(Collected data entries)
○ ○ ○ ○
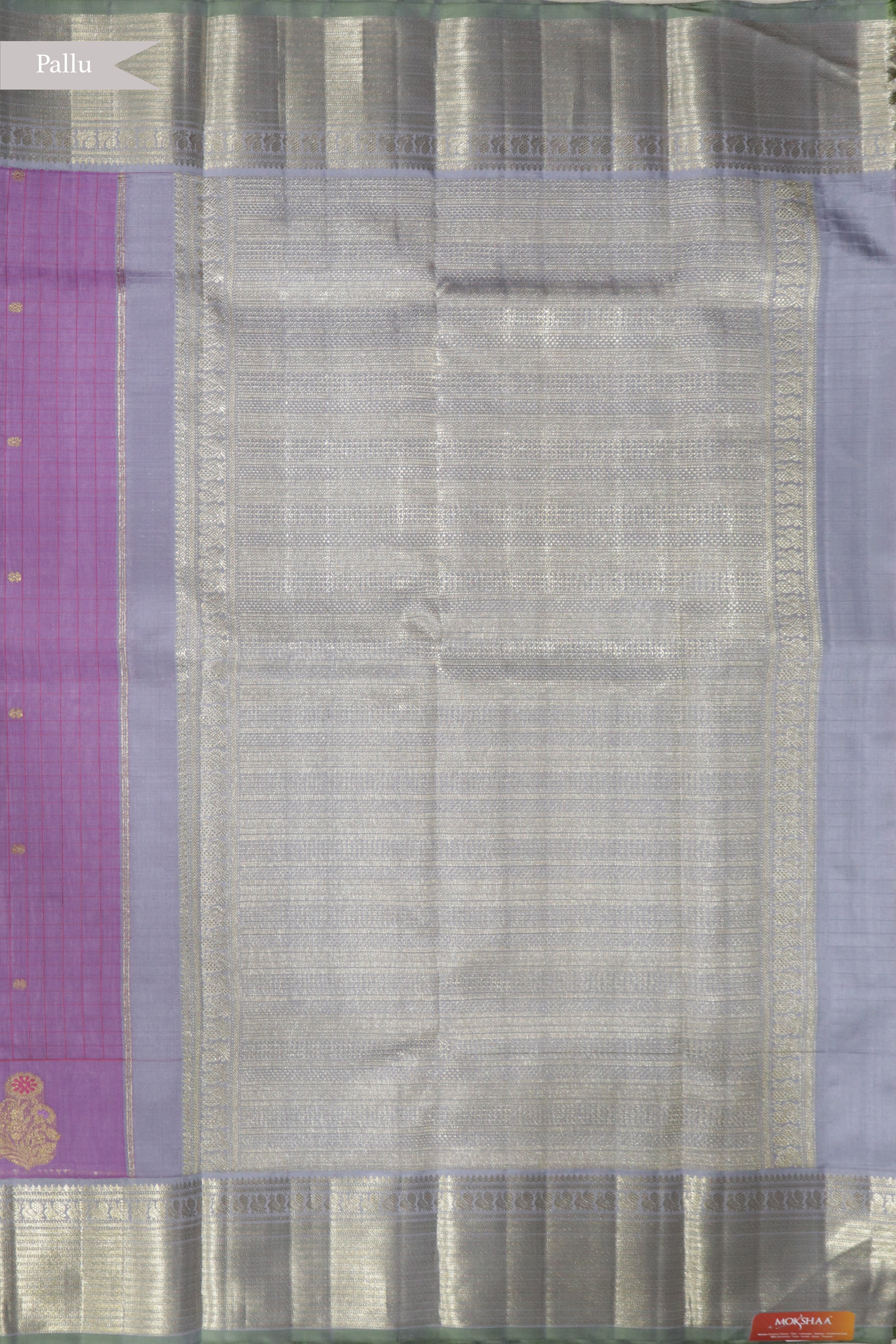 Lavender Kanchivaram Kora Silk Saree with Contrast Ash Border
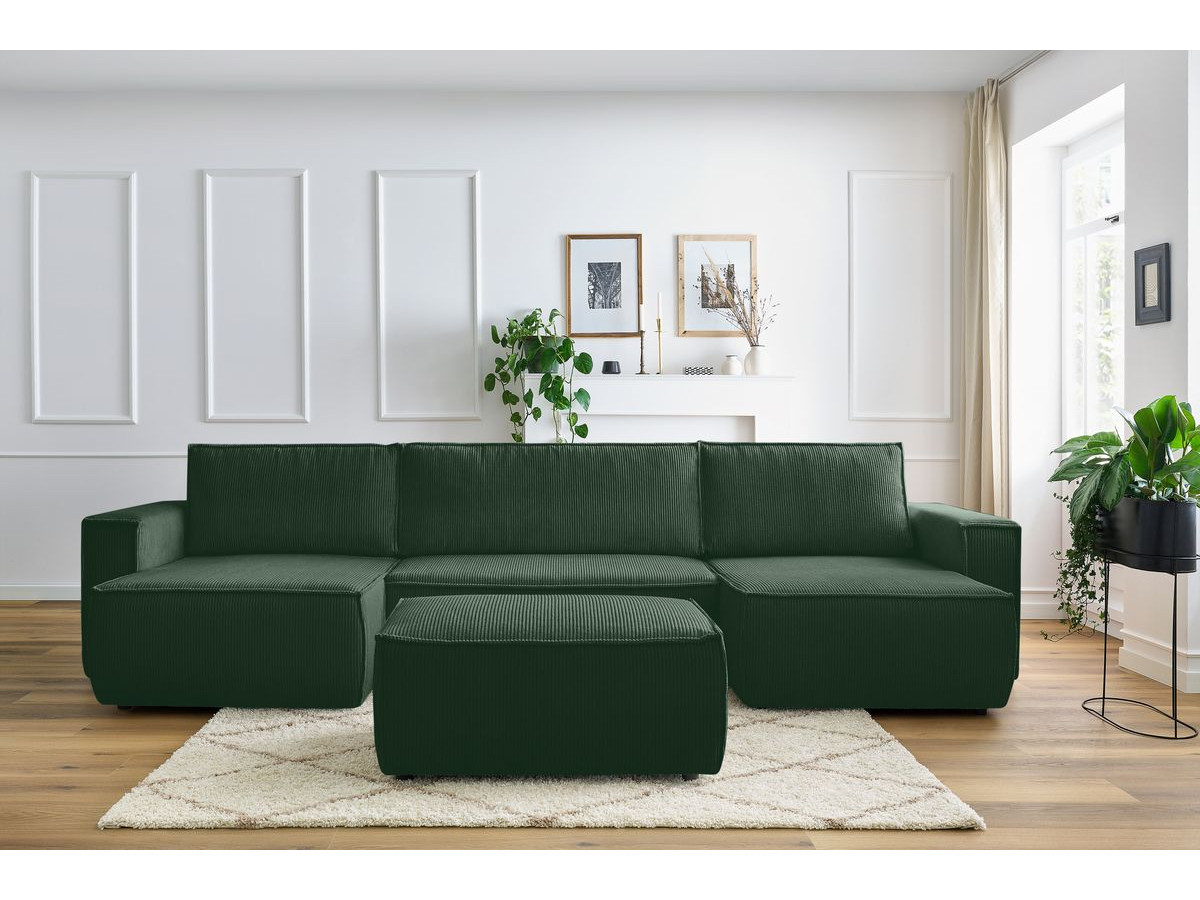 Canapé panoramique convertible coffre NIHAD velours côtelé avec pouf vert foncé panoramique BOBOCHIC 7 places - Vue supplémentaire 3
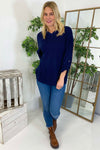 Nellie V-Neck Cotton Top Navy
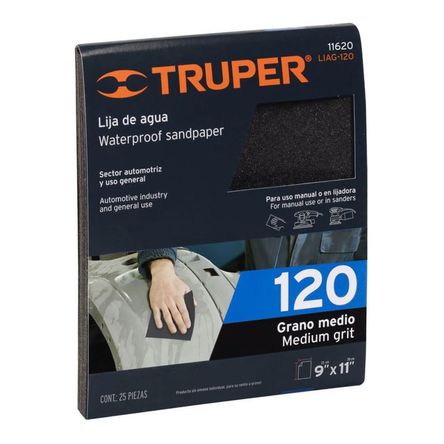 Lija de agua grano 120 de carburo de silicio Truper - 11620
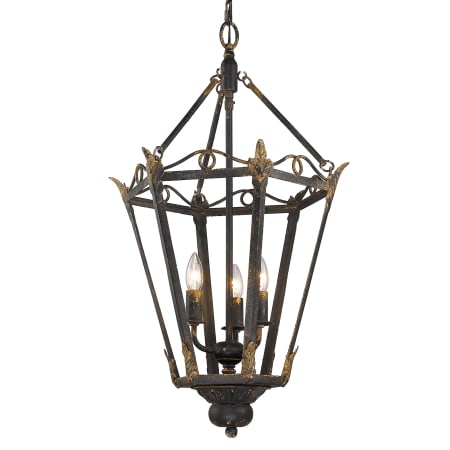 A large image of the Golden Lighting 0880-3P Antique Black Iron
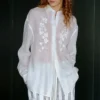 Minimalist Sheer Ramie Lyocell Embroidered Long Sleeve Shirt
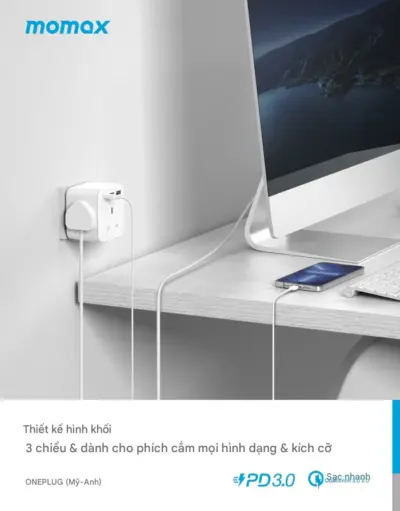 Ổ cắm mở rộng MOMAX US8UK OnePlug 3 Oulet 20W - Giải quyết vấn đề thiếu ổ cắm và sạc chậm với <strong>Ổ cắm mở rộng MOMAX US8UK</strong> OnePlug 3 Outlet 20W. Thiết kế nhỏ gọn tích hợp 3 ổ cắm chuẩn UK và các cổng sạc USB với tổng công suất 20W (hỗ trợ sạc nhanh). <strong>MOMAX US8UK</strong> cho phép bạn cấp nguồn cho nhiều thiết bị cùng lúc một cách an toàn và hiệu quả. Dù ở nhà, văn phòng hay khi đi du lịch đến các quốc gia sử dụng ổ cắm UK, <strong>MOMAX US8UK</strong> là phụ kiện tiện lợi không thể thiếu. Tích hợp các tính năng bảo vệ an toàn, mang lại sự an tâm khi sử dụng.
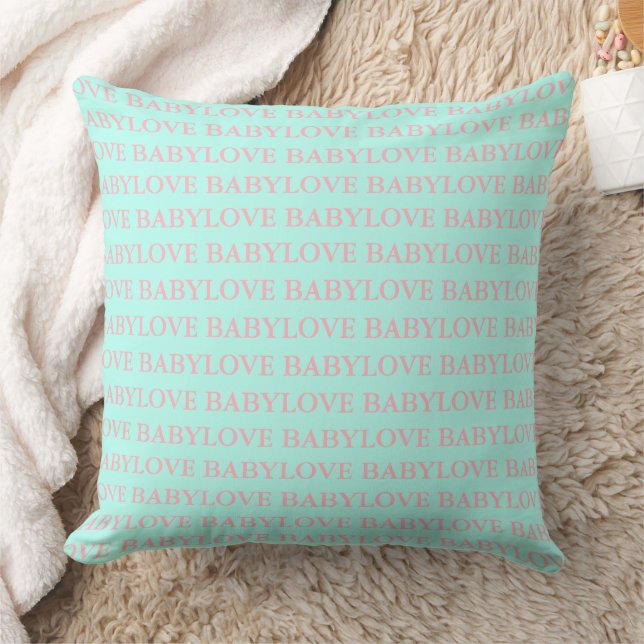 Coussin BABY & CO Love Baby Mint Bleu & Rose Décoration de (Couverture)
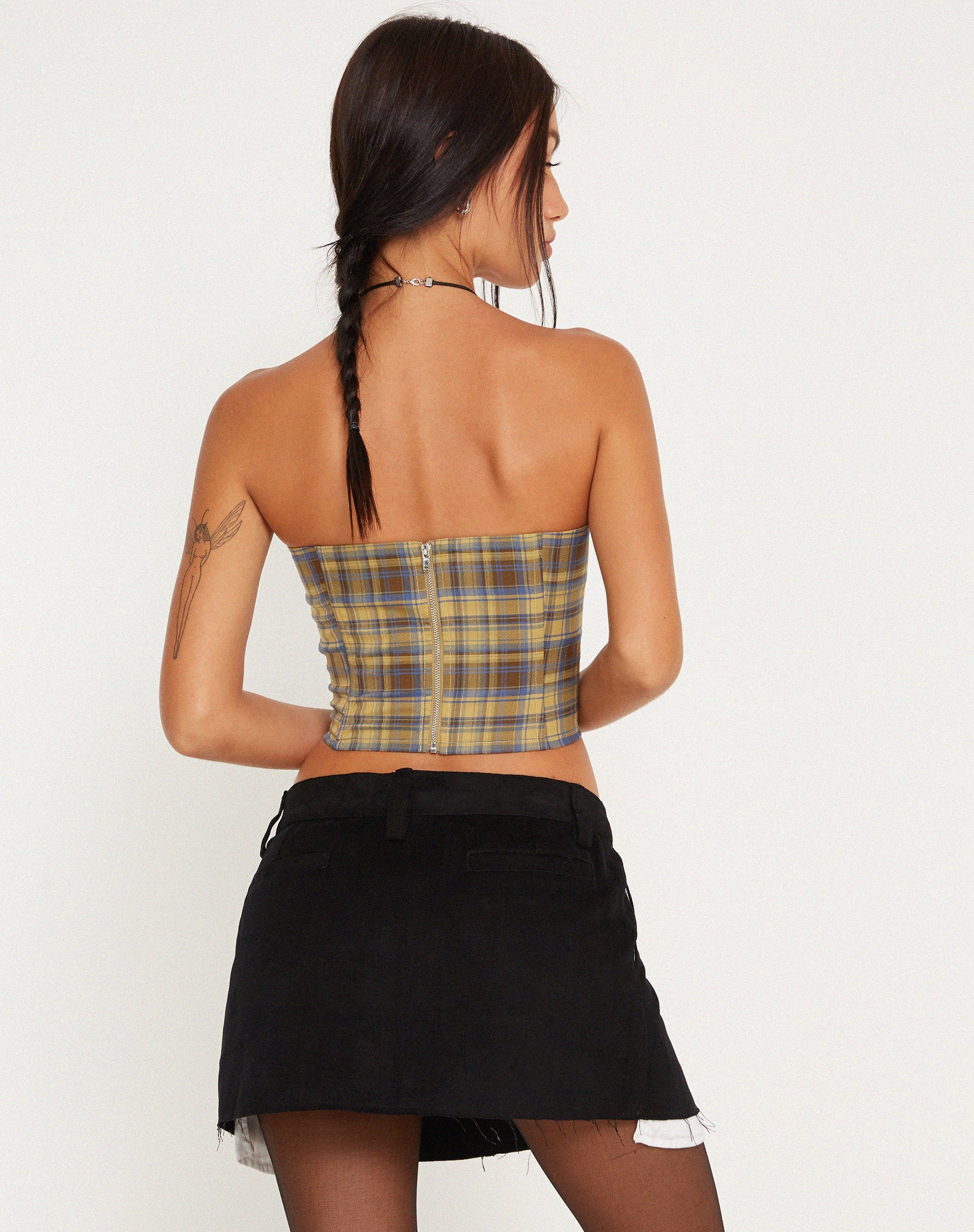 Immagine di Kayashi Top corsetto in blu giallo check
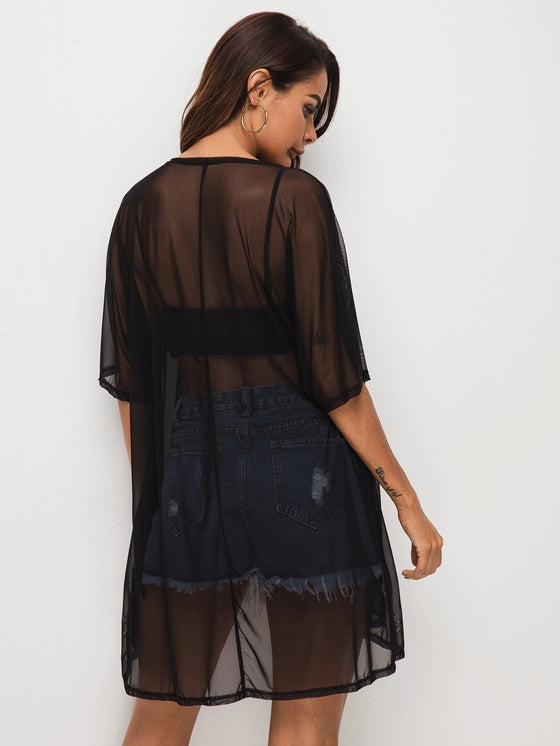 Half Sleeve Sheer Longline Kimono
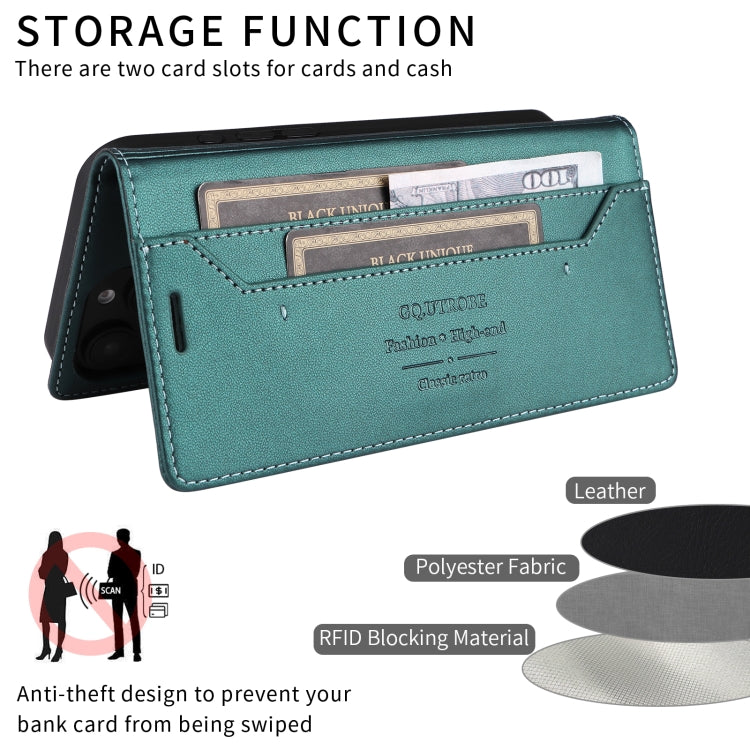 For iPhone 16 Pro GQUTROBE G01 RFID Anti-theft Leather Phone Case(Green) - free shipping - PMC Jewellery - Order now!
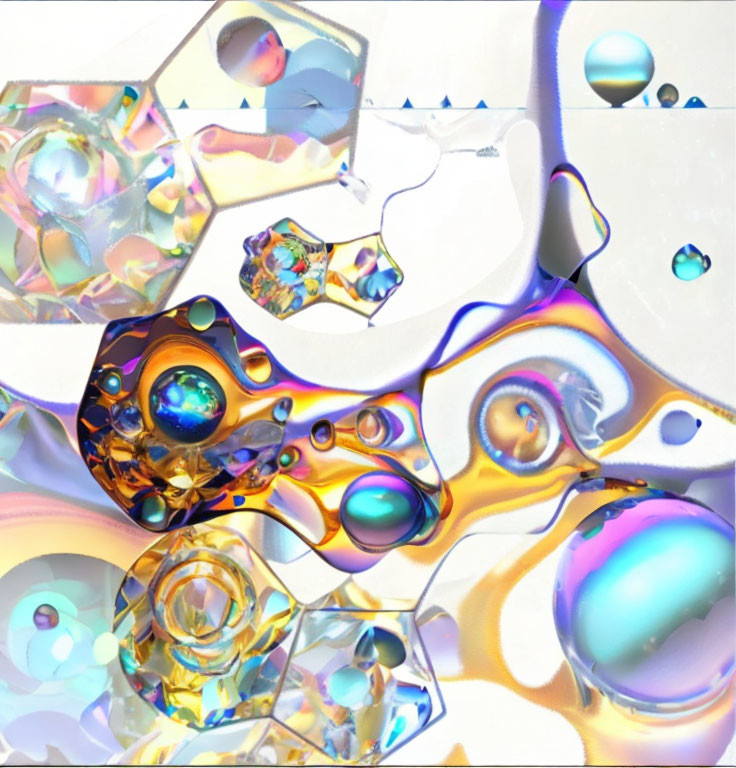 Iridescent Shapes and Bubbles in Liquid Metal Effect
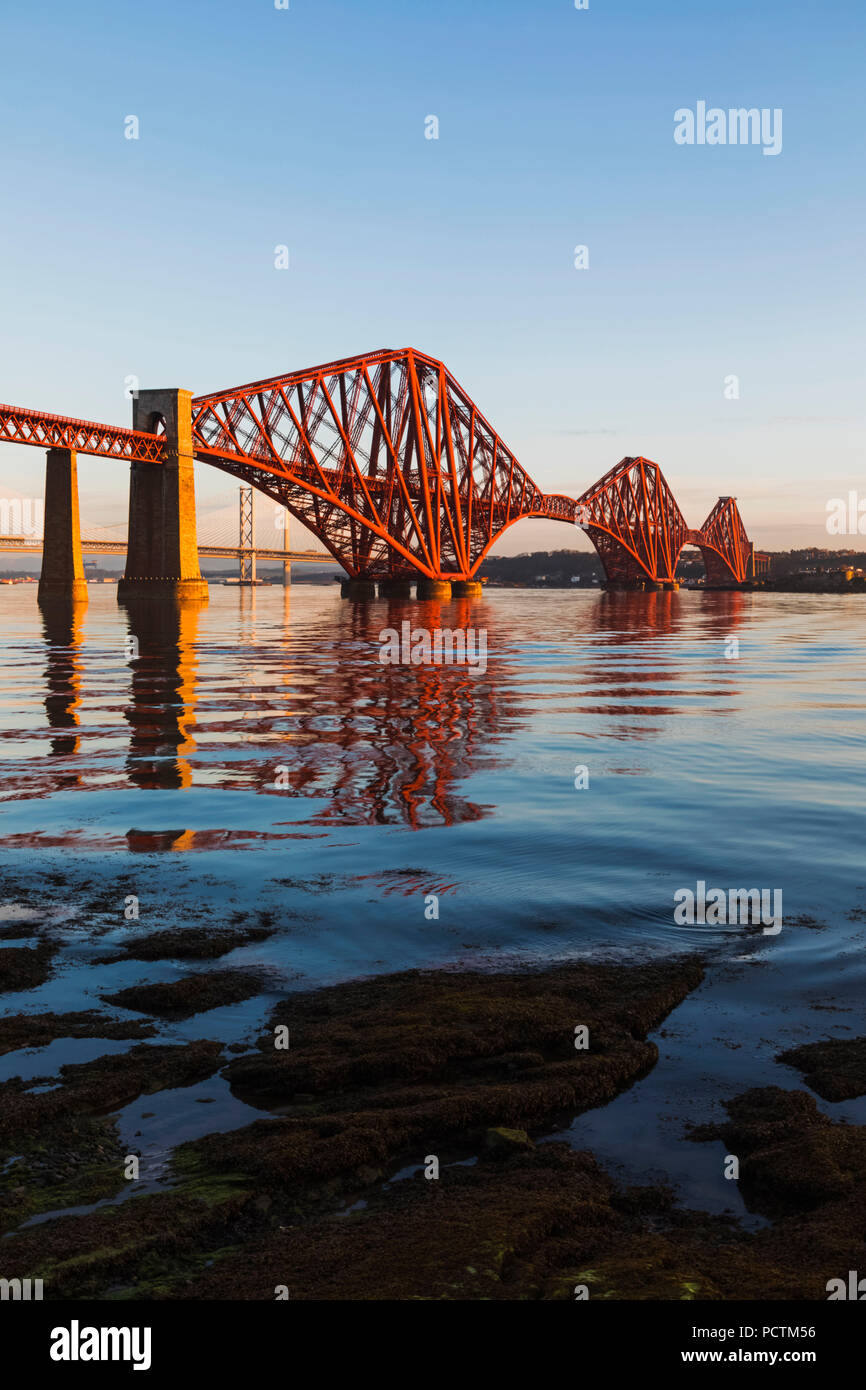 Great Britain, Scotland, Edinburgh, South Queensferry, The Forth Bridge Stock Photo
○ ○ ○ ○
§ **Your task**:
Look above for the line with "Ổ cắm mở rộng MOMAX US8UK OnePlug" and the line with "Half Sleeve Sheer Longline Kimono", then restate exactly those two lines and all lines between them, with no pictures.

§ **Result below**:
 Ổ cắm mở rộng MOMAX US8UK OnePlug 3 Oulet 20W - Giải quyết vấn đề thiếu ổ cắm và sạc chậm với <strong>Ổ cắm mở rộng MOMAX US8UK</strong> OnePlug 3 Outlet 20W. Thiết kế nhỏ gọn tích hợp 3 ổ cắm chuẩn UK và các cổng sạc USB với tổng công suất 20W (hỗ trợ sạc nhanh). <strong>MOMAX US8UK</strong> cho phép bạn cấp nguồn cho nhiều thiết bị cùng lúc một cách an toàn và hiệu quả. Dù ở nhà, văn phòng hay khi đi du lịch đến các quốc gia sử dụng ổ cắm UK, <strong>MOMAX US8UK</strong> là phụ kiện tiện lợi không thể thiếu. Tích hợp các tính năng bảo vệ an toàn, mang lại sự an tâm khi sử dụng.
 Coussin BABY & CO Love Baby Mint Bleu & Rose Décoration de (Couverture)
 Immagine di Kayashi Top corsetto in blu giallo check
 Half Sleeve Sheer Longline Kimono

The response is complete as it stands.